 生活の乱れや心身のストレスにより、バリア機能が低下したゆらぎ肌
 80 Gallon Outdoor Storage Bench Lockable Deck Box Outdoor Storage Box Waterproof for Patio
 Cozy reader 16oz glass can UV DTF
──────
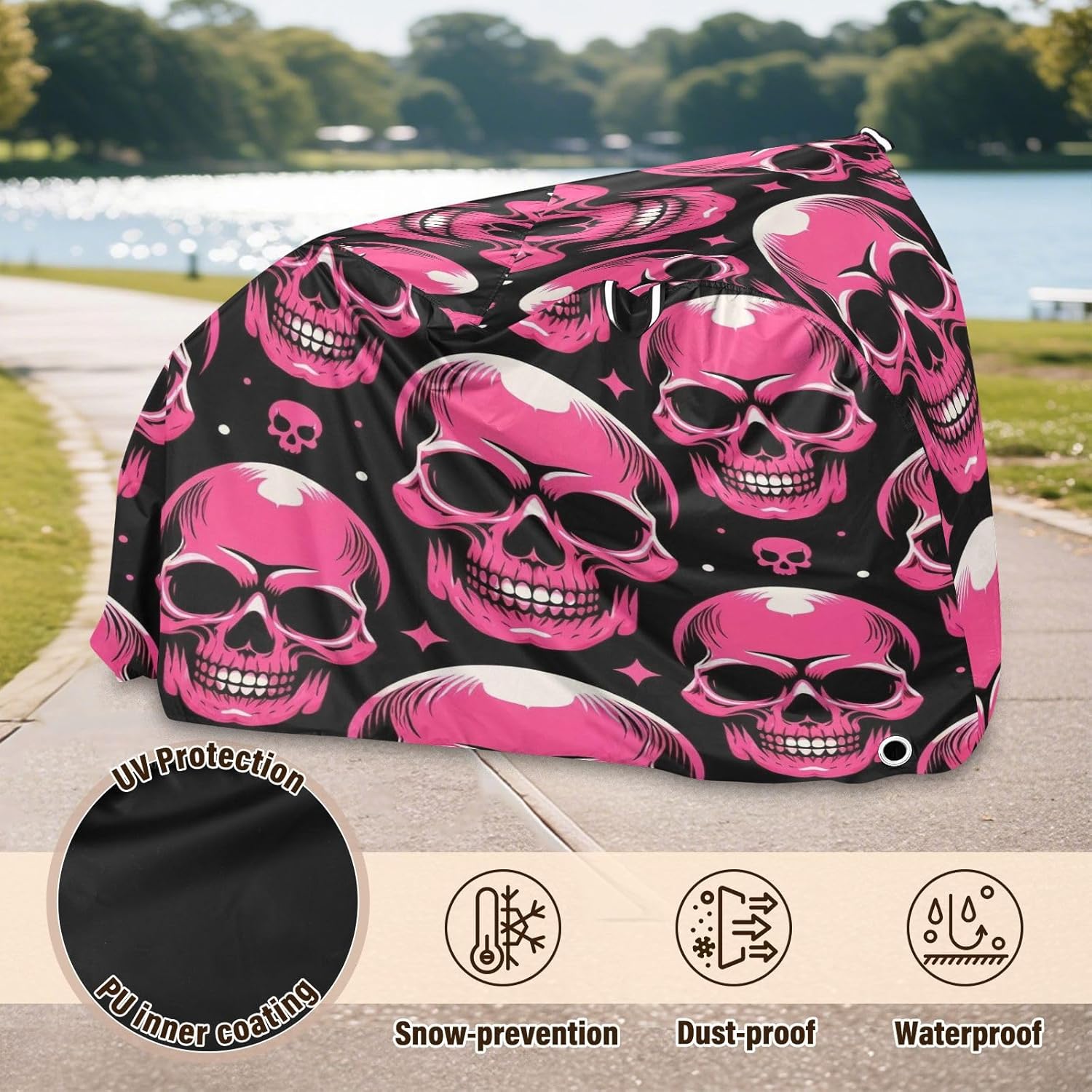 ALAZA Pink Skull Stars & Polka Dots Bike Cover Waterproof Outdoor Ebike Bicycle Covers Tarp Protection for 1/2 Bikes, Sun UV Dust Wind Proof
──────
Copy, exactly and only, the lines above that begin with the one containing "生活の乱れや心身のストレスにより、バリア機能が低下したゆらぎ肌" and finish with the one containing "Cozy reader 16oz glass can UV DTF".

* _Result below_
 生活の乱れや心身のストレスにより、バリア機能が低下したゆらぎ肌
 80 Gallon Outdoor Storage Bench Lockable Deck Box Outdoor Storage Box Waterproof for Patio
 Cozy reader 16oz glass can UV DTF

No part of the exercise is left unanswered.